Il rapporto individua 9 aree in cui la bozza di accordo è carente, tra cui:
– la sola richiesta di “aumento del tasso di estinzione [delle specie] sia arrestato o invertito e il rischio di estinzione sia ridotto di almeno il 10 per cento“, mentre i paesi dovrebbero spingere per un’azione urgente per prevenire l’estinzione delle specie minacciate dal 2022 (cioè immediatamente) e per il recupero dell’abbondanza di popolazione di specie entro il 2030;
manca un forte meccanismo di revisione per garantire che i governi riesaminino regolarmente i progressi e aumentino l’azione per raggiungere gli obiettivi;
sono insufficienti le azioni proposte per affrontare i modelli insostenibili di produzione e consumo in gran parte responsabili della perdita della natura;
mancano impegni in grado di cancellare o riallineare TUTTI i sussidi dannosi per la natura
non c’è alcun riferimento esplicito che garantisca l’attuazione di un approccio basato sui diritti.

Il WWF sottolinea che l’azione per trasformare i settori produttivi chiave che guidano la perdita di biodiversità, in particolare l’agricoltura e i sistemi alimentari, è essenziale per affrontare la nostra crescente emergenza naturale.

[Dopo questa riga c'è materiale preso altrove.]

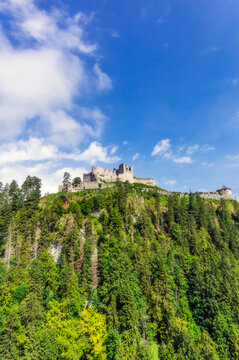 Austria, Tyrol, Reutte, Ruins of Ehrenberg Castle standing on top of forested hill in summer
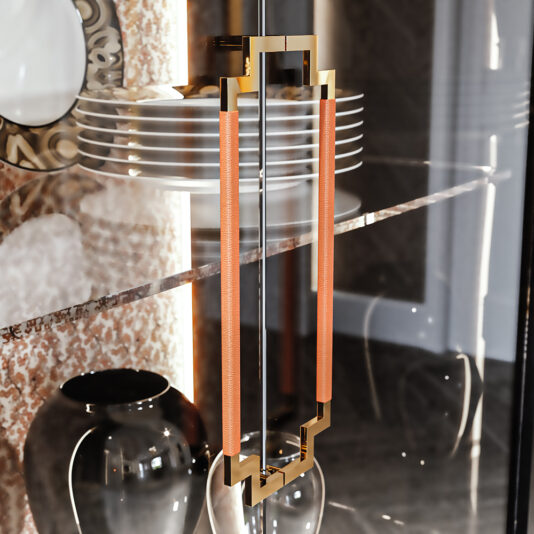 High End Glass Display Cabinet A High End Glass Display Cabinet with a golden frame and rectangular handles showcases dishes neatly stacked on a glass shelf. Below, a decorative plate and two black vases add elegance against the backdrop of a textured wall.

“Il fatto che i leader attualmente non stiano facendo abbastanza per invertire la tendenza sulla perdita della natura e in alcuni casi stiano regredendo sugli impegni negli Obiettivi di sviluppo sostenibile e negli obiettivi di Aichi, dovrebbe tenerci tutti svegli la notte – ha aggiunto Lin Li, Direttore Global Policy and Advocacy presso WWF International – Con un milione di specie ora minacciate di estinzione, le persone sono stanche di vuote promesse. Vogliamo risultati, a cominciare dall’adozione di un accordo storico per la natura che garantisca la protezione di tutta la vita sulla terra. I negoziatori devono aumentare l’ambizione a Ginevra attraverso l’inclusione di una missione positiva per la natura chiara e misurabile per il 2030 che metta i diritti umani in primo piano. Allo stesso tempo, devono lavorare per rafforzare le aree deboli del testo”.